As an illustration of the ability of the PCs to reflect the stratifying effects in the population, and the role of LD thereon, we conducted genome-wide association analyses for height in 3714 unrelated individuals, using the North–South PC from different SNP Panels to correct for population stratification within the Netherlands.
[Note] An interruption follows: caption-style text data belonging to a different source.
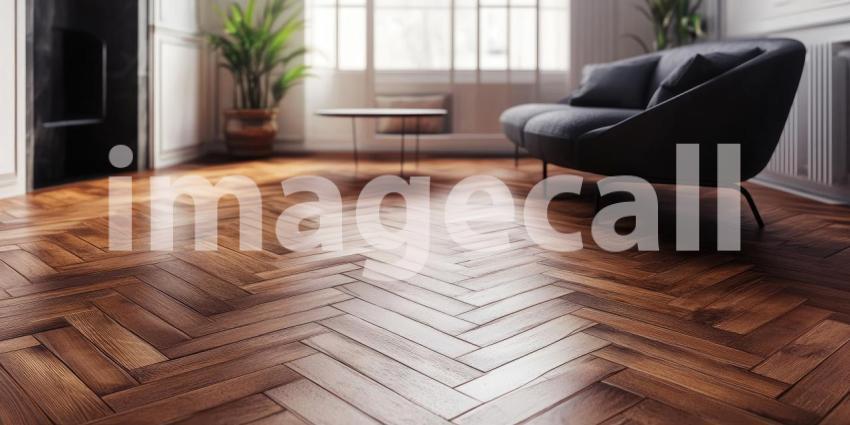 Herringbone Floor Elegance: Polished Wood Reflects Light, Modern Living Room with Soft Seating, a Luxurious Interior Design.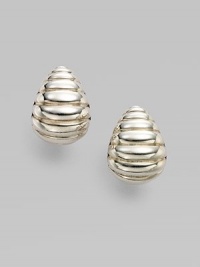 From the Bedeg Collection. Bold, tapered arcs of sterling silver in a Buddha belly shape with a ribbed texture.Sterling silver Length, about ¾ Width, about ½ Post back Made in Bali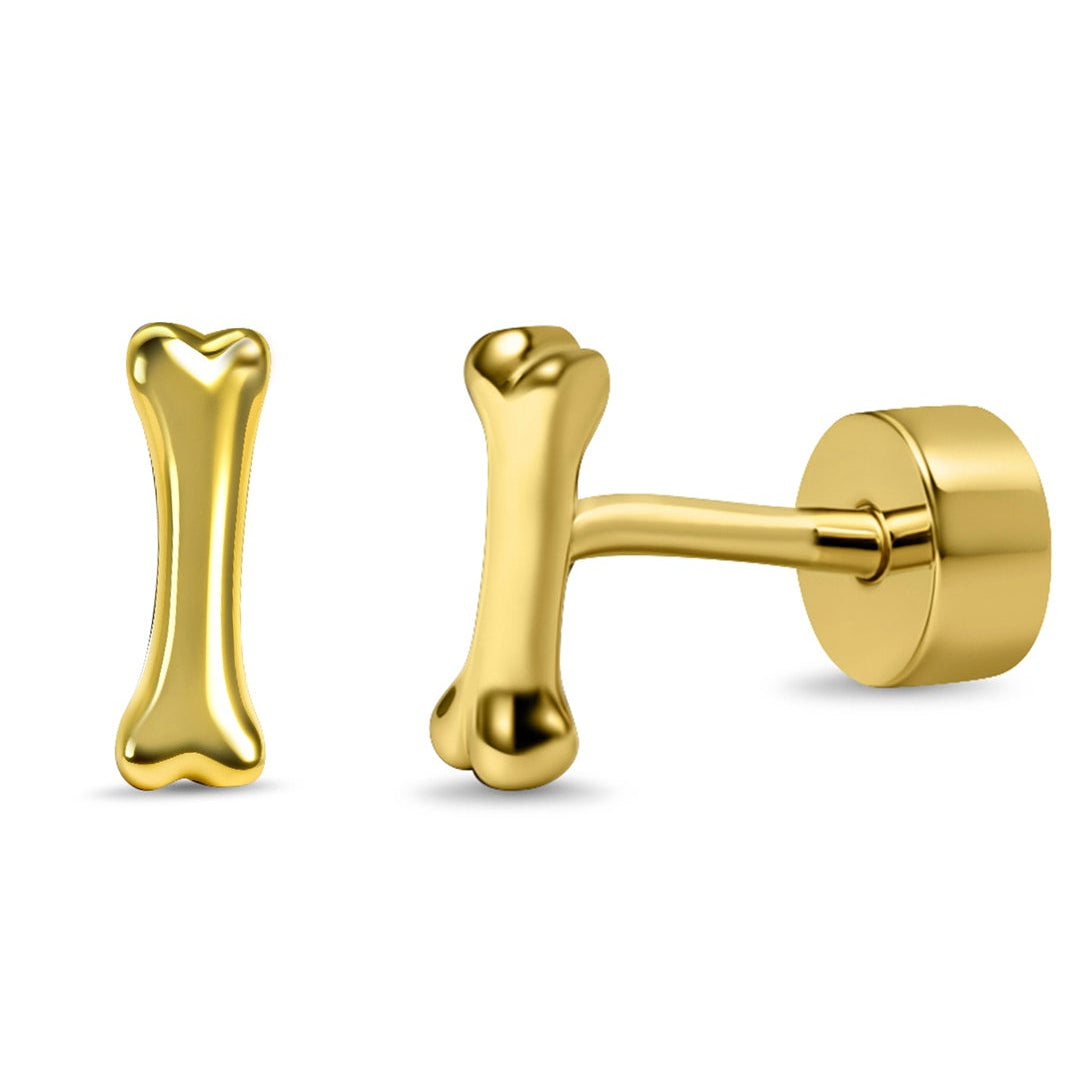 Aro de Hueso de Perrito de Plata 925 enchapados en Oro 18k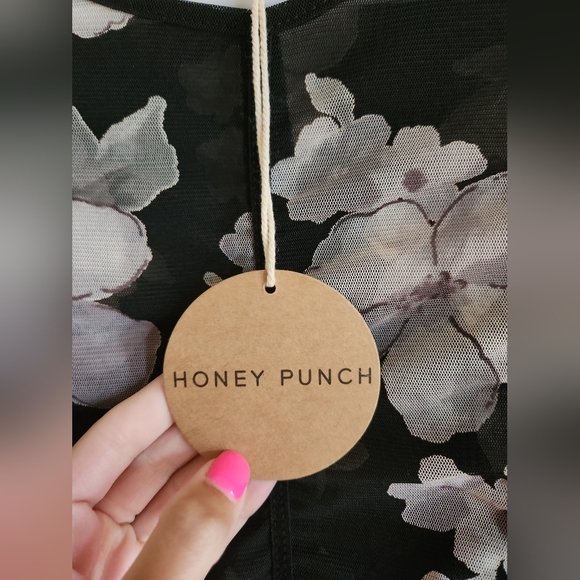 NWT Black Floral Sheer Dress - Picture 4 of 9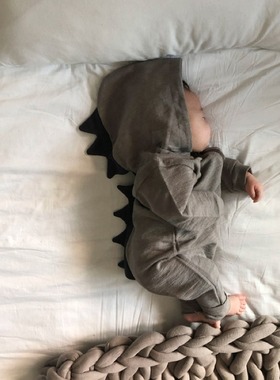 lalla韩国宝宝爬服代购秋季男女童恐龙连体衣婴儿包屁衣外出抱服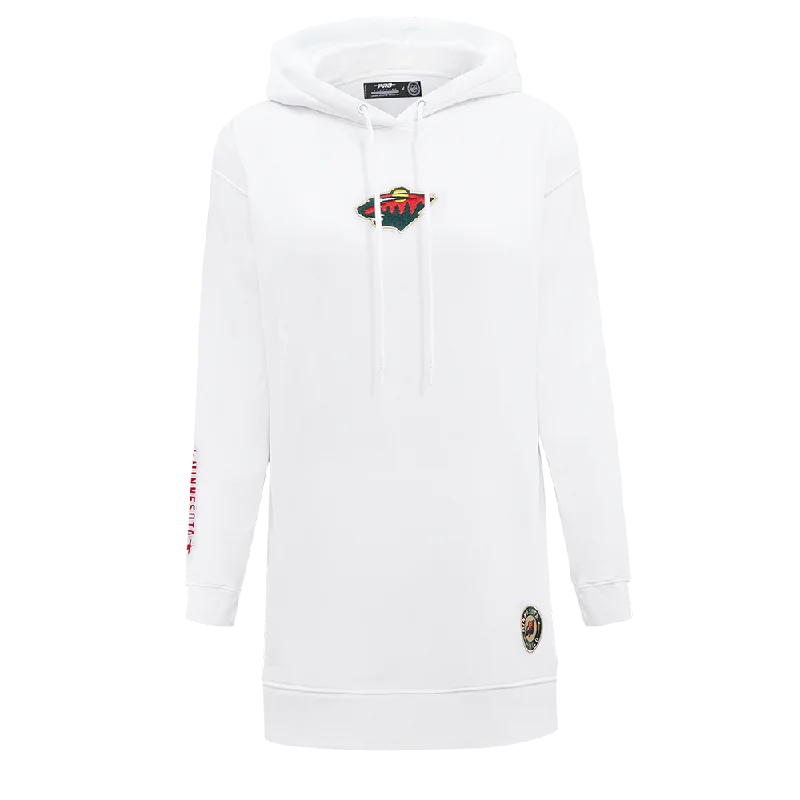 NHL MINNESOTA WILD CLASSIC WOMEN'S FLC HOODIE DRESS (WHITE) Hoodie with Rhinestones Sparkly Elegant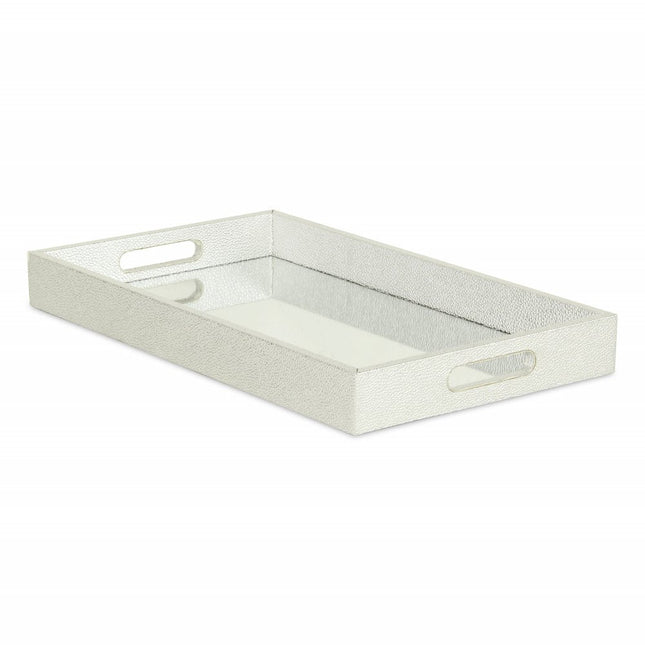 16" Silver Rectangular Wood Handmade Tray With Handles HomeRoots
When using only sex as a covariate in the GWAS on height, the lambda (λ) is 1.0543. Introducing the North–South PC from Panel 1, λ decreases to 1.0394, and continues to decline to 1.0296 as a result of excluding long-range LD regions and LD-based SNP pruning (see Table 2).
The first three PCs from Panel 3
The first three PCs of Panel 3 have the highest correlations with geography (the only ones with P<0.001), and the eigenvalues remain relatively constant in subsequent PCs (see Supplementary Figure S3). The following analyses will focus on these three PCs, which are plotted in Figure 1 and Supplementary Figures S4 and S5. The first PC, which we shall refer to as the North–South PC (Figure 1b), roughly differentiates the Southern provinces (Zeeland, Noord-Brabant, and Limburg) below the three major rivers (the Maas, the Waal, and the Rhine) from the Northern provinces, with the more urbanized West falling in between. The second PC, which we shall call the East–West PC (Figure 1c), mainly differentiates the Northeastern part of the Netherlands from the rest. The third PC, which we will call the middle-band PC (Figure 1d), separates the Northern and Southern provinces from the middle-band area of the Netherlands. There were 157 complete spouse pairs in the sample, for which we calculated the spouse correlations for each of the three PCs. The North–South PC has the highest and most significant spouse correlation (r=0.555, P<0.001). The East–West PC and the middle-band PC show nominally significant spouse correlations (r=0.164, P=0.040, and r=0.179, P=0.025 respectively).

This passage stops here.